Servers at Sea

Google has filed a patent for what the New York Times describes as “mobile data center platforms out at sea.”

[Image: A view of the R/P FLIP ship, which has absolutely nothing to do with Google’s offshore server plan; it just looks cool and seems appropriate. Image altered by Alexander Trevi].

This means “stacking containers filled with servers, storage systems and networking gear on barges or other platforms.” These would be “‘crane-removable’ data center modules on ships.” From the actual patent application:

In general, computing centers are located on a ship or ships, which are then anchored in a water body from which energy from natural motion of the water may be captured, and turned into electricity and/or pumping power for cooling pumps to carry heat away from computers in the data center.

Perhaps unsurprisingly in this era of alternative energy sources, “Google has theorized about powering these ocean data centers with energy gained just from water splashing against the side of the barges.”

[Image: From Google’s patent application for servers at sea; via the New York Times].

I have to assume, then, that we’re moving ever closer to true deep-water city-states – only they won’t be libertarian ocean-going homesteads, after all, they’ll be distributed networks of supercomputing villages afloat on, and drawing power from, the tides.
Two weeks ago, meanwhile, the NYTimes also looked at the privatization of civic infrastructure – but perhaps Google’s literally offshore experiment in information technology implies a coming world of privatized services at sea.
A fleet of tankers shows up in a nearby port one day… and suddenly your city has telephone services. It’s Archigram‘s instant city all over again, but on the level of specific – and highly billable – urban amenities.
The services show up. The network takes over.
Your city will never be the same.

[Image: The Instant City at work; diagrams by Peter Cook/Archigram. An original interview with Peter Cook appears in the forthcoming BLDGBLOG Book].

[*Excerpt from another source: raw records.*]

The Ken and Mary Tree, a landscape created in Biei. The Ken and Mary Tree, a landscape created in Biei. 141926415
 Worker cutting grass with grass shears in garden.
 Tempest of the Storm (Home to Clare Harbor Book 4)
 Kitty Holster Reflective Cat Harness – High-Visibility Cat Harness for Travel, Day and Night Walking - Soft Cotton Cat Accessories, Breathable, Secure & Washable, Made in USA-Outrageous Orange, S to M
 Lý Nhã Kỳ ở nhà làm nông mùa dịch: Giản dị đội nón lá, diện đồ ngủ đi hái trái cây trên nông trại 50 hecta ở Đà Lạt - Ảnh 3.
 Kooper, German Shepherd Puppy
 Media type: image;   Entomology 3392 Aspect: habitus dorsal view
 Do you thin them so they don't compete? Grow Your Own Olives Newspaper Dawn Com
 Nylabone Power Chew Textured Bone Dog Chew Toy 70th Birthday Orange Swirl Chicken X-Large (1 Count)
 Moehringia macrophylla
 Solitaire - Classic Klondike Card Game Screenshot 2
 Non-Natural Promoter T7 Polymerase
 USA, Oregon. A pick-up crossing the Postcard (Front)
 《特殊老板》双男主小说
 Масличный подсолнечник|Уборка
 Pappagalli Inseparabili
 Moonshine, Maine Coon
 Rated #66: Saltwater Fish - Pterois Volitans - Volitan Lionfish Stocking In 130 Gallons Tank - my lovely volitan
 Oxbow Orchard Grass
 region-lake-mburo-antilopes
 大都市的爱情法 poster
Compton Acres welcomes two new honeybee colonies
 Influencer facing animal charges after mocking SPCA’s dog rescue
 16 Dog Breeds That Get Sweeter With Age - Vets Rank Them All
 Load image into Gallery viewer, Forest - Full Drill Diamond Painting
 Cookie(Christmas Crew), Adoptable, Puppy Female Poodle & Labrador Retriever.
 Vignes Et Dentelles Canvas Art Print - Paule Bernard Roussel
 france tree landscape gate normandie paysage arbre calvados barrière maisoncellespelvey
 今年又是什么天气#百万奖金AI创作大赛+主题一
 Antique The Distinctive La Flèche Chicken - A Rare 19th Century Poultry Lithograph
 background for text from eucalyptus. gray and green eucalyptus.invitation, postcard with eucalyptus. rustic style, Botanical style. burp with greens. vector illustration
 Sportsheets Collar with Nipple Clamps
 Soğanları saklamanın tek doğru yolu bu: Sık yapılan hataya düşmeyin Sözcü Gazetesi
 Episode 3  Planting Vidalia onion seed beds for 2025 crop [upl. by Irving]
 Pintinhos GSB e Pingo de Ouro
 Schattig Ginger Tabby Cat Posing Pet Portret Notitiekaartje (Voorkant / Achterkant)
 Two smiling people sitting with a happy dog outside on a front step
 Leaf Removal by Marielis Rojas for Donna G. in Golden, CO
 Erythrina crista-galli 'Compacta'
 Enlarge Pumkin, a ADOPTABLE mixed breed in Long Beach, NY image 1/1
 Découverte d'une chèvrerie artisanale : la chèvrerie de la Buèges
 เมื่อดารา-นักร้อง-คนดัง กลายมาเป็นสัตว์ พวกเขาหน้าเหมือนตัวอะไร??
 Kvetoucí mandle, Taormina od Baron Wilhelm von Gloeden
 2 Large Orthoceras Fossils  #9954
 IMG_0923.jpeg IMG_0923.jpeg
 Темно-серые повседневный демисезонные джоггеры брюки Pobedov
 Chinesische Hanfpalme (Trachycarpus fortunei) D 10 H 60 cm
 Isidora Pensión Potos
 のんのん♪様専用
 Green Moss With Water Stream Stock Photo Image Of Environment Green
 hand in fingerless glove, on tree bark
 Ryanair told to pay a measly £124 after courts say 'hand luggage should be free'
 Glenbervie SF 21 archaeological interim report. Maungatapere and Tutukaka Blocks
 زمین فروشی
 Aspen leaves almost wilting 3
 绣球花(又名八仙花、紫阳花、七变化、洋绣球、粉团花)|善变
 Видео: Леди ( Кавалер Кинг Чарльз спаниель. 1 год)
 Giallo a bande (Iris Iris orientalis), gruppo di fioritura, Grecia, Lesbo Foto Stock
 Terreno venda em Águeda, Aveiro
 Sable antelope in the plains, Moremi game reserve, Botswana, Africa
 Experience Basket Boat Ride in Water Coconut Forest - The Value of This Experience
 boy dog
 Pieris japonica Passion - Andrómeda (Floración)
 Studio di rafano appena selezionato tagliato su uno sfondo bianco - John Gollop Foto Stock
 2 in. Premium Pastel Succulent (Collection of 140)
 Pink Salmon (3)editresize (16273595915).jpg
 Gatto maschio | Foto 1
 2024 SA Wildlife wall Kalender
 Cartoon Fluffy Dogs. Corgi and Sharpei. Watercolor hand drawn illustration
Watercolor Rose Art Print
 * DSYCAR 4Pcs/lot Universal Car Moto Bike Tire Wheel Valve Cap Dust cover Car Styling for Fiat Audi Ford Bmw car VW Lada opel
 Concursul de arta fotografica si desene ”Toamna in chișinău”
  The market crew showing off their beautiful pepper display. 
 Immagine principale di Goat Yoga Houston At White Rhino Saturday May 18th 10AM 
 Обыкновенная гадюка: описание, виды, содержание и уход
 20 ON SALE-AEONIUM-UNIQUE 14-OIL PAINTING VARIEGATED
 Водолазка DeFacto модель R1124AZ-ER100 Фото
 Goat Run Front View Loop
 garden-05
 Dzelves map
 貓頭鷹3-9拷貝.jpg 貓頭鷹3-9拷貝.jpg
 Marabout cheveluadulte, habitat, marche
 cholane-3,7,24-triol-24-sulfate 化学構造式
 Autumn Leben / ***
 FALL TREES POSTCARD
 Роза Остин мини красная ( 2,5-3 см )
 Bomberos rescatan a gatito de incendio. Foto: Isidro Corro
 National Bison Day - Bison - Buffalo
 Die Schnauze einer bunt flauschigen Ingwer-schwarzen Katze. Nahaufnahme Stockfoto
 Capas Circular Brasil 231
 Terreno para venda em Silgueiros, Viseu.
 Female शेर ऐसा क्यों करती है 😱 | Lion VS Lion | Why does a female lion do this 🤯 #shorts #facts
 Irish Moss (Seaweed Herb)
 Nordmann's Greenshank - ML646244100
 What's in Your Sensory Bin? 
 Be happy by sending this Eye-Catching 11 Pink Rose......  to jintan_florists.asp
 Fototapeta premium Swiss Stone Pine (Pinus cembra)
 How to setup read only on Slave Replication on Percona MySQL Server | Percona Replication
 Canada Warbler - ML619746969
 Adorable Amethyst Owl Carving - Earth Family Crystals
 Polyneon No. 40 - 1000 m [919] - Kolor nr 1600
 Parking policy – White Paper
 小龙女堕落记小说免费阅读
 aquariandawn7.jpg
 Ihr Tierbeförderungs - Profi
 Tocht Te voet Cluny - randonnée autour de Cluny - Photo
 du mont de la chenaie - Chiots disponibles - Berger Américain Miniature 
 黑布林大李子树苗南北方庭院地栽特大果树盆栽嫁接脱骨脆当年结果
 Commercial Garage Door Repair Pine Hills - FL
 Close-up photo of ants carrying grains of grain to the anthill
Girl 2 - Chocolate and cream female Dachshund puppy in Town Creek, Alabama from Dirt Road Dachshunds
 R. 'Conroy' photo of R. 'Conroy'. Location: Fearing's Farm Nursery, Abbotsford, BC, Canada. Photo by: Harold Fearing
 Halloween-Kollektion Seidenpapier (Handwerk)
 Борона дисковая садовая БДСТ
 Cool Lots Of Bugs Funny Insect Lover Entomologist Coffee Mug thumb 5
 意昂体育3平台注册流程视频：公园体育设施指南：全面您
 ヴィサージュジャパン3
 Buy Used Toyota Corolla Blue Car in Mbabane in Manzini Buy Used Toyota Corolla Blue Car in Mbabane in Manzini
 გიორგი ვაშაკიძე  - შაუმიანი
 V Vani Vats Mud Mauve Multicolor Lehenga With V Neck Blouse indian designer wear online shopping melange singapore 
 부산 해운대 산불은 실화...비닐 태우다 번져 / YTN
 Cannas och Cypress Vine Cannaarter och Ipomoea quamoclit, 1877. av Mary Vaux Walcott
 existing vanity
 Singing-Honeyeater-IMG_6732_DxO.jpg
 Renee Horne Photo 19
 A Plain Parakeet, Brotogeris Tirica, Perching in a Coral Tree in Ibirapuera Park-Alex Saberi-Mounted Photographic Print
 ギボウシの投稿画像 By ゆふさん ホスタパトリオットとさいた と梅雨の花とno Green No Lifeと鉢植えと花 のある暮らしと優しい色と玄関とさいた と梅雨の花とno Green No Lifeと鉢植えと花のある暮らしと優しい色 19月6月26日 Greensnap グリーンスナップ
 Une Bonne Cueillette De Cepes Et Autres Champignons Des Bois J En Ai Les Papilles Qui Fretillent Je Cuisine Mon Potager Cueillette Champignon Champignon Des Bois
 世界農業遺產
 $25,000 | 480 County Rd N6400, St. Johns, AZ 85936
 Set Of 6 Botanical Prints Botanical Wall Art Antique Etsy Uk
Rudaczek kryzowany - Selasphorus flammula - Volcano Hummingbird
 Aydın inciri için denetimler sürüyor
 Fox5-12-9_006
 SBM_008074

I’m further reminded of the five-week-long power outage that struck Auckland, New Zealand, just slightly more than ten years ago. Peter Gutmann describes some of the possible ship-borne solutions to that city’s loss of electricity:

Apparently the idea of moving ships from the naval base on the other side of the harbour across to the Auckland waterfront to act as floating generators was considered, but there are problems with feeding the power from the ships to the city. There’s also the problem that there’s nothing around which can generate even a fraction of the power required. Another idea which was considered is using one of the Cook Straight ferries (which could in theory provide around 10MW) as a floating generator (the term “ferry” is a considerable understatement). Currently a couple of waterfront businesses are being run with power from ships acting as floating generators, and when both repaired cables failed their testing, Mercury finally brought in a diesel-electric trans-Tasman freighter, the Union Rotorua, to act as a 12MW floating generator, and is considering bringing in another ship or installing generators on barges.

In any case, the seafaring future of civic infrastructure is something we’ll have to keep our eyes on. Entire new untold types of urban experience could be yours the minute that strange shape on the horizon comes in to dock.

(Thanks, Nicky!)

14 thoughts on “Servers at Sea”

  1. Hi Geoff. Not to put a dampener on the architectural coolness of this (great image), but I wonder at how it also better positions Google to skirt jurisdictional issues in relation to information, privacy, surveillance, and the like.

    Placing data havens at sea, for example, would effectively exempt Google from some of the constraints it faces when those facilities are based within territorial jurisdictions.

    What about servers, then? Servers and data havens aren’t necessarily the same thing (or the former might not necessarily be used as the latter, at any rate), but it’s also not much of a stretch to see where this could lead (or what’s motivating Google)…

    None of which is necessarily bad, either. Just speculating.

  2. Apparently Westinghouse Electric had plans to build a similar barge to power US Atlantic coastal towns in the 70s.

    This story was wonderfully chronicled by John McPhee in “The Atlantic Generating Station” (found in the volume Giving Good Weight).

  3. Interesting that Google appears interested in this. An offshore data haven like this has already been created on Sealand. It was attractive to some people because of the different (or lack of) laws governing the use of the computers and data there.

  4. Hi

    This is my first comment on your blog . I think it sounds great that it is possible to power these floating villages from the tides. I wonder if the technology from this can be harnessed more to power ships. Afterall, almost everything we eat, wear or use has been shipped around the world in large containers. If they were powered by the motion of the tides, with reduced carbon footprint, then we’re talking.

  5. y.e. vulva, I love that water computer! And, Tim Quinn, it’s nice to see you here in this thread.

    Here’s to the super-water-googleizer.

    So it’s been an extremely busy week, and I’ve been a little off the radar here (sorry!), but I think any speculation as to Google’s ultimate political goal in seeking offshore – read: semi-sovereign – data points is worthwhile. Is this the mobile information infrastructure of the 21st century – or some other, possibly untrustworthy attempt at post-national secession?

    Or just something calling out for the intervention of an architect: designing the spaces of these future offshore server farms?

  6. So, if a tanker hits this and sends it to the bottom of the ocean, does that mean my mail goes down for the day? Bah!

  7. It's all well and good having Google place it's hosting servers in international waters to avoid restrictions placed on it by certain jurisdictions.
    As for the "patenting" of the platforms, I fail to see how this will prevent other groups from placing identical platforms in international waters where they to can avoid the specter of Intellectual Property.